EXERCISE ▸ Each line below that includes the word "para" is to be reported.

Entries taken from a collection
________
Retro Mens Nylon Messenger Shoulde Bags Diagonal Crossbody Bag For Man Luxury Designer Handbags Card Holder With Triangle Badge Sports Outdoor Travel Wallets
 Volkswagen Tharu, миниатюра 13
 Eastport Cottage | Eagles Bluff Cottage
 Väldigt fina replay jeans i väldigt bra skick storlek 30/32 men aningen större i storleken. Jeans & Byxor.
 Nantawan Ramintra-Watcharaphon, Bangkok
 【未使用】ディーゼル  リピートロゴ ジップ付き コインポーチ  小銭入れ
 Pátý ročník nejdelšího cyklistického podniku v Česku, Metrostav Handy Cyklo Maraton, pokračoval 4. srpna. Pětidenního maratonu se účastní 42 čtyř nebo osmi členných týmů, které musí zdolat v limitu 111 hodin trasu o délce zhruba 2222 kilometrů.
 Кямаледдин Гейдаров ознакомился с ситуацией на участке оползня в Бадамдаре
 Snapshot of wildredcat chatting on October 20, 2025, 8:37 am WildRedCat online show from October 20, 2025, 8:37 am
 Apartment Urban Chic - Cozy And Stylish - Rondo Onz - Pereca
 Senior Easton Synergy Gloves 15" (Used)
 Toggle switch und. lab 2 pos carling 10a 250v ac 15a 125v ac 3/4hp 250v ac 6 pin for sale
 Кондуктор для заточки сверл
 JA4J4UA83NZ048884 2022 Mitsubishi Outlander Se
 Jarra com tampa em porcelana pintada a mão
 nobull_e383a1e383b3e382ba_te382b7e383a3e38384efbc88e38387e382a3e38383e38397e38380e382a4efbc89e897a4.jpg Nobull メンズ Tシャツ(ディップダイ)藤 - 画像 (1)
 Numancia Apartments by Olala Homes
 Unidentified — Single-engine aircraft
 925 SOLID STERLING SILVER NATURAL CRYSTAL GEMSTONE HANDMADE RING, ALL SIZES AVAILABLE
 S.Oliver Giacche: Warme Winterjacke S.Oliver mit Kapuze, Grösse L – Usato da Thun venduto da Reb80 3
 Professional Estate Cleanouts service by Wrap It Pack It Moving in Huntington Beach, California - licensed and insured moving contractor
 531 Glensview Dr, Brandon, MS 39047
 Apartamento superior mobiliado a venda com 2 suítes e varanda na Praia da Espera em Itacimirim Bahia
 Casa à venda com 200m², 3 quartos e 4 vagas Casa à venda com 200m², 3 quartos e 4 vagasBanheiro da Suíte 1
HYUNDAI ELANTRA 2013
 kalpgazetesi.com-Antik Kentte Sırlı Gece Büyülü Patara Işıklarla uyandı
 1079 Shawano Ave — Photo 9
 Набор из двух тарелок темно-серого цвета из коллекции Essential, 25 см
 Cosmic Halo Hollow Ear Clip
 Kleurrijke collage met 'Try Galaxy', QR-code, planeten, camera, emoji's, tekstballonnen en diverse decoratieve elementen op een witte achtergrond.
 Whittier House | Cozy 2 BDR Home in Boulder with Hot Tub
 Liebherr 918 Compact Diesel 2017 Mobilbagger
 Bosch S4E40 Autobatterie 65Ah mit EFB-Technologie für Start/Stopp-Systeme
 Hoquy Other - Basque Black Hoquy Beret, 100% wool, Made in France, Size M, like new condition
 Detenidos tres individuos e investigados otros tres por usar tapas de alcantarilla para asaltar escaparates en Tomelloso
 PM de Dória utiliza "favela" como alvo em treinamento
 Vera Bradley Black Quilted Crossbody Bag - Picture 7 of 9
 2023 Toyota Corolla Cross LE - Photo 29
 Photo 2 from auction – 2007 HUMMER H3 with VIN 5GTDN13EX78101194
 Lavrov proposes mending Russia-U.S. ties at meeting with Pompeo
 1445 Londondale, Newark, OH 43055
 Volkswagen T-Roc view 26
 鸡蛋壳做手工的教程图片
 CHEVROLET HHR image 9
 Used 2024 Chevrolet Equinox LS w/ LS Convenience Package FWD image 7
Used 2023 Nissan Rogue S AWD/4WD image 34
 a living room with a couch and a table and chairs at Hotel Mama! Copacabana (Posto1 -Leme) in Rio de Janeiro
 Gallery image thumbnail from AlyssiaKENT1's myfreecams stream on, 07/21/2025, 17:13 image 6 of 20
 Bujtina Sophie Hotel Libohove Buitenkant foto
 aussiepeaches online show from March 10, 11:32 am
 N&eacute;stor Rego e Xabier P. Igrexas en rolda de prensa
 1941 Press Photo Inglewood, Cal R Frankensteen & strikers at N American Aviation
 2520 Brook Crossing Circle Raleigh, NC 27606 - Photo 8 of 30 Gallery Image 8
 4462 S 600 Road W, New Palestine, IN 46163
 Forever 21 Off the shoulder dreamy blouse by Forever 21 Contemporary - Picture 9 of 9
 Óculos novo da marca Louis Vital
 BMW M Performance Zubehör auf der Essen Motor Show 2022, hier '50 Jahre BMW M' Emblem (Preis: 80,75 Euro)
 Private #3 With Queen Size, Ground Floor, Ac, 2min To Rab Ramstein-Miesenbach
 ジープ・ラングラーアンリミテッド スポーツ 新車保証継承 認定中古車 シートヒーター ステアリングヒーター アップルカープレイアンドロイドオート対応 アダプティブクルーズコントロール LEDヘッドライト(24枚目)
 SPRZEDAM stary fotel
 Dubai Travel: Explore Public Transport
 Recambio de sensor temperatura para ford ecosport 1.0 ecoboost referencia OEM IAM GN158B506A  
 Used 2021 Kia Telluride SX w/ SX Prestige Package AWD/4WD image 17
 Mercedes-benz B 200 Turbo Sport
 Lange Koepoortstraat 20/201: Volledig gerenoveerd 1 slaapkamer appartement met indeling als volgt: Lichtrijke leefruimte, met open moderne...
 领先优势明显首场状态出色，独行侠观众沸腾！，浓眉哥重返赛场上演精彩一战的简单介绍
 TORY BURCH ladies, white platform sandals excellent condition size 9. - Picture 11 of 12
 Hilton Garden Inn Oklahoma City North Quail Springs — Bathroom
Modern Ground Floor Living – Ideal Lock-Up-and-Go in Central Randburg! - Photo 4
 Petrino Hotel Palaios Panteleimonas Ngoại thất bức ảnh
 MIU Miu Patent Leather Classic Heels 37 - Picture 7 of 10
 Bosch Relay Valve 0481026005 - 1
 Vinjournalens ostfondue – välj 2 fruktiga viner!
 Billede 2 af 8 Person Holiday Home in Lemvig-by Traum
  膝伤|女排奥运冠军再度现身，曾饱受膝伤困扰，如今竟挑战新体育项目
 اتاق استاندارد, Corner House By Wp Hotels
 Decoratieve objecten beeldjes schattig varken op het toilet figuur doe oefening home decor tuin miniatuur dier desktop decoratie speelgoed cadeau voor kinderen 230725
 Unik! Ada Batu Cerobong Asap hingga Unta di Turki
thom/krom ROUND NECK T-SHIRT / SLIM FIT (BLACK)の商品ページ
________
TASK RESULT ▸
 Detenidos tres individuos e investigados otros tres por usar tapas de alcantarilla para asaltar escaparates en Tomelloso
 Recambio de sensor temperatura para ford ecosport 1.0 ecoboost referencia OEM IAM GN158B506A  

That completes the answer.